L'antagonisme capitaliste Europe Amérique renaît, qui exacerbe du même coup les antagonismes entre les bourgeoisies européennes, à l'intérieur de chaque bourgeoisie, et les contradictions de classes. La reconstitution de l'économie capitaliste en Europe Occidentale sur les anciennes bases aboutit finalement à renforcer les contradictions de classes. Chaque bourgeoisie est confrontée à la nécessité d'affronter son prolétariat. Au cours des années 60, toutes les bourgeoisies ont cherché les voies et les moyens de ligoter le prolétariat et en fin de compte de le briser.

La venue de de Gaulle au pouvoir en France fut un succès de classe pour toutes les bourgeoisies européennes ainsi que pour l'impérialisme américain.
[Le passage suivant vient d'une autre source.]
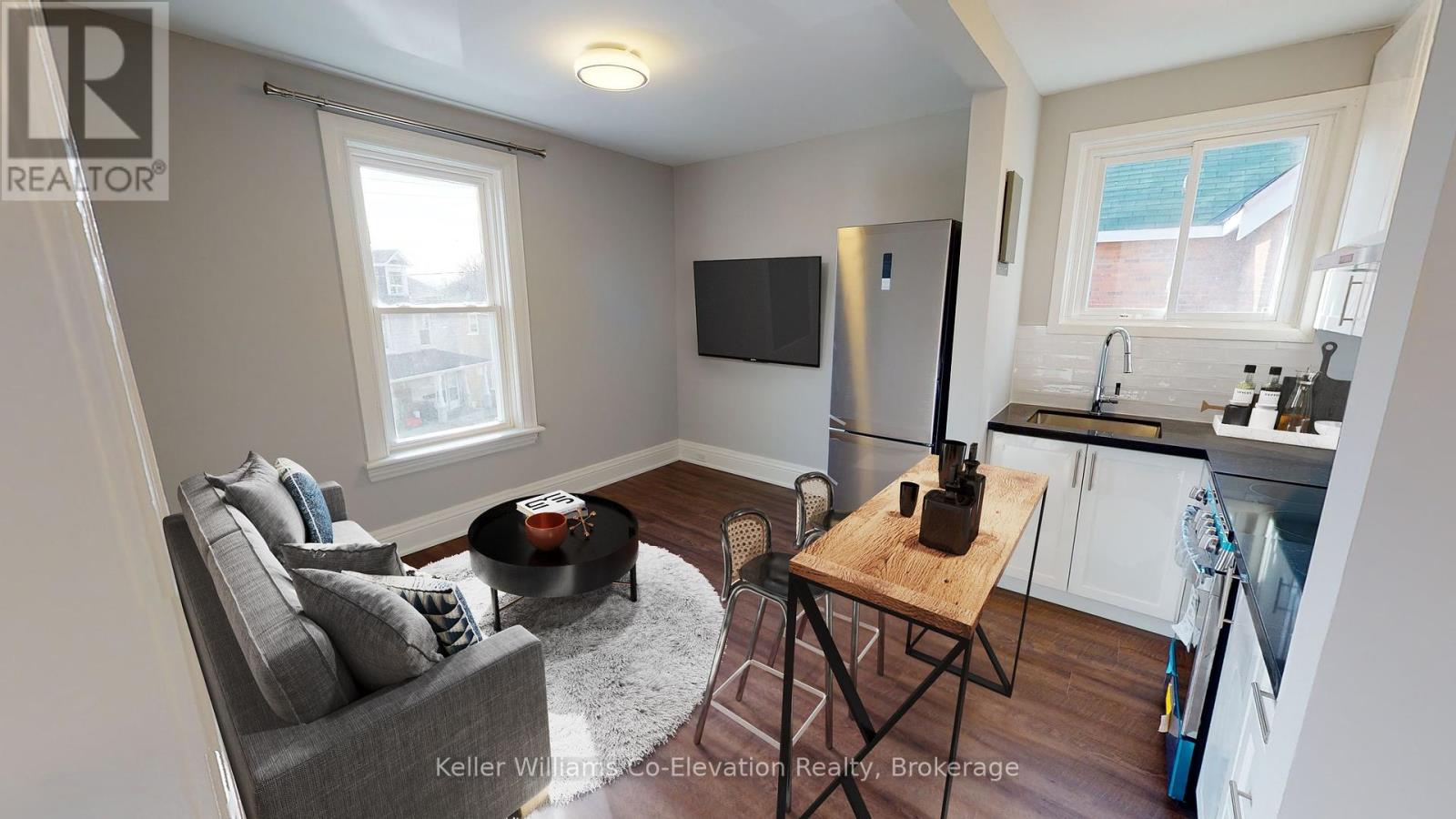 Photo 4 of 66 Nottawasaga Street, Orillia ON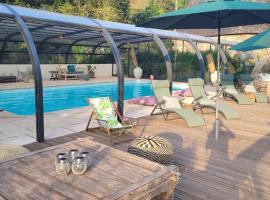 Manoir des Pélies SPA，位于孔克的酒店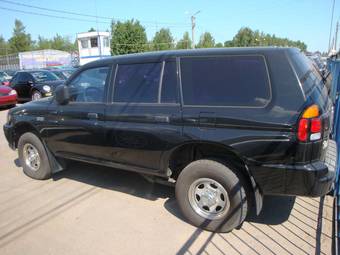 2003 Mitsubishi Montero Sport Pictures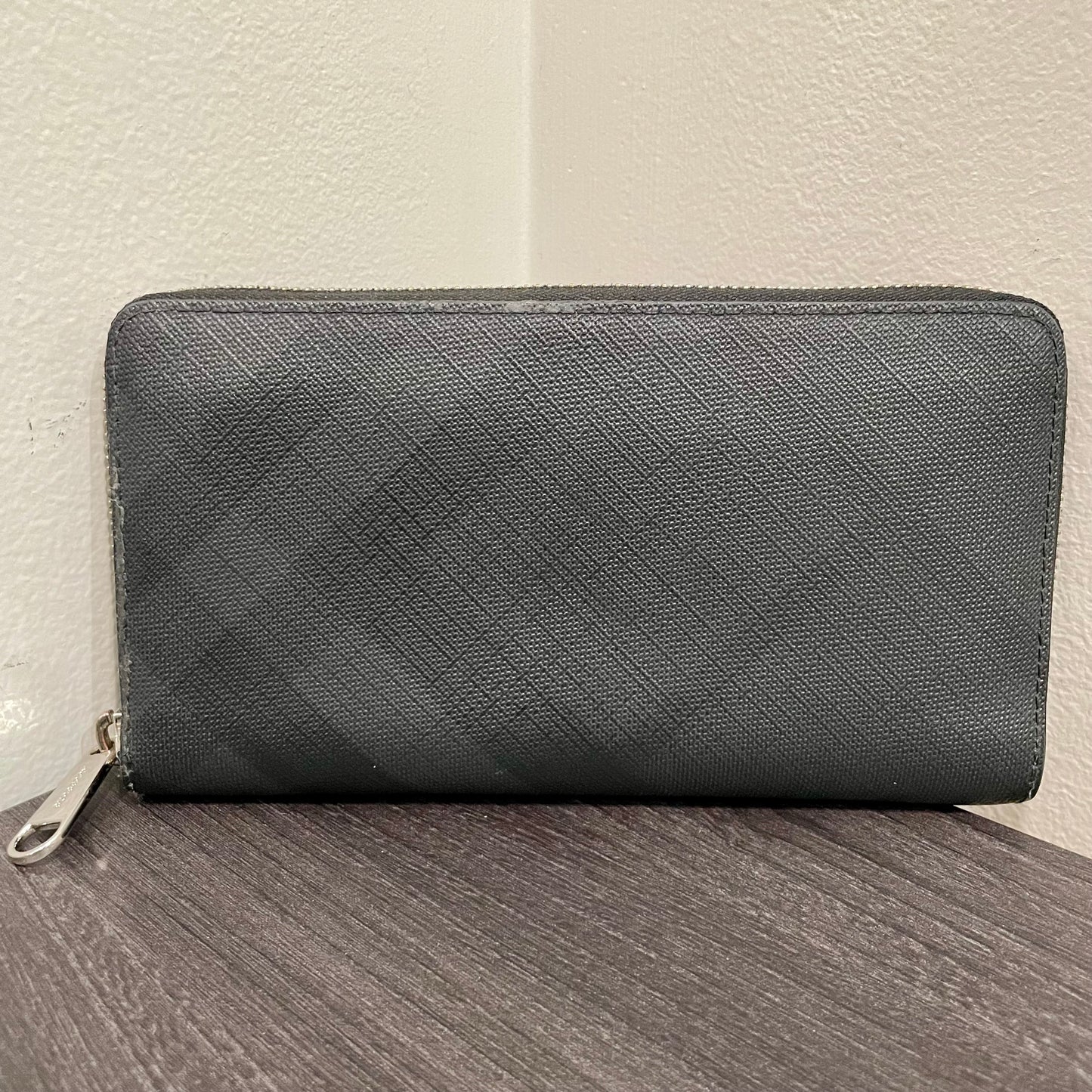 BURBERRY Black Zippy Wallet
Si de Gaulle était parvenu à ligoter et à briser le prolétariat français, inéluctablement les prolétariats anglais, allemand, belge, italien, espagnol, en eussent subi le contrecoup politique. S'appuyant sur le régime gaulliste, facteur d'ordre en Europe, en tenant compte des conditions politiques de leurs pays, les bourgeoisies anglaise et allemande notamment ont utilisé la politique des revenus, la politique d'intégration des syndicats à l'état bourgeois.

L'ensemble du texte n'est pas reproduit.